▶ Exercise description: Exactly as written, return every line of the data below apart from the pictures.

▶ Information provided:
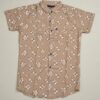 Khaki Brown Floral Half Sleeve Shirt (Slim Fit)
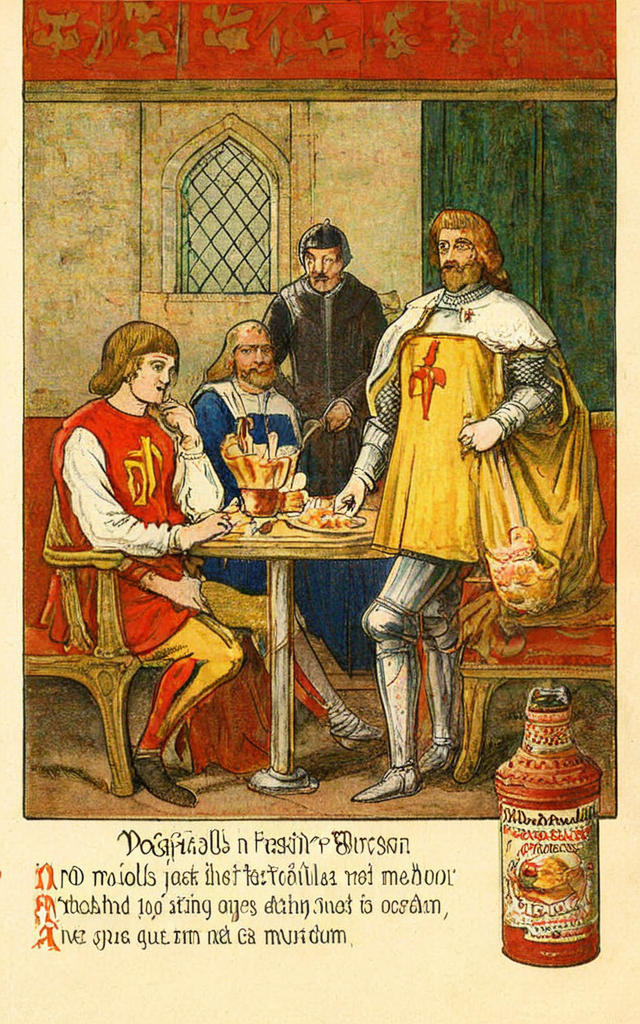 vintageillustration, a mcdonalds fastfood branch in medieval setting, nobles are eating burgers, 8k, very detailed, UHD, extreme details, medieval, burgers, fast food, mcdonalds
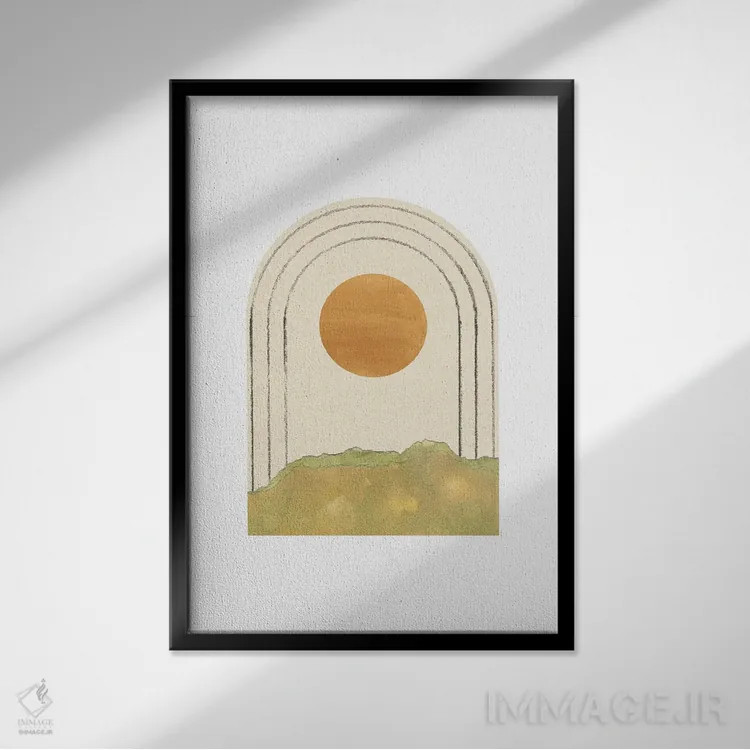 تابلو مینیمال منظره طاق شماره ۴۳ اثر ویلز وی - نمای قابدار مشکی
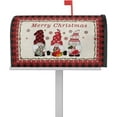 thumbnail image 1 of Mailbox Cover Merry Christmas Gnome Xmas Tree Retro Linen Red Lattice Mailbox Covers Magnetic Standard Size,Post Box Cover for Outdoor Garden Yard,Winter Snowflake Mailbox Wraps Mailbox Decals, 1 of 6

▶ Expected answer:
 Khaki Brown Floral Half Sleeve Shirt (Slim Fit)
 vintageillustration, a mcdonalds fastfood branch in medieval setting, nobles are eating burgers, 8k, very detailed, UHD, extreme details, medieval, burgers, fast food, mcdonalds
 تابلو مینیمال منظره طاق شماره ۴۳ اثر ویلز وی - نمای قابدار مشکی
 thumbnail image 1 of Mailbox Cover Merry Christmas Gnome Xmas Tree Retro Linen Red Lattice Mailbox Covers Magnetic Standard Size,Post Box Cover for Outdoor Garden Yard,Winter Snowflake Mailbox Wraps Mailbox Decals, 1 of 6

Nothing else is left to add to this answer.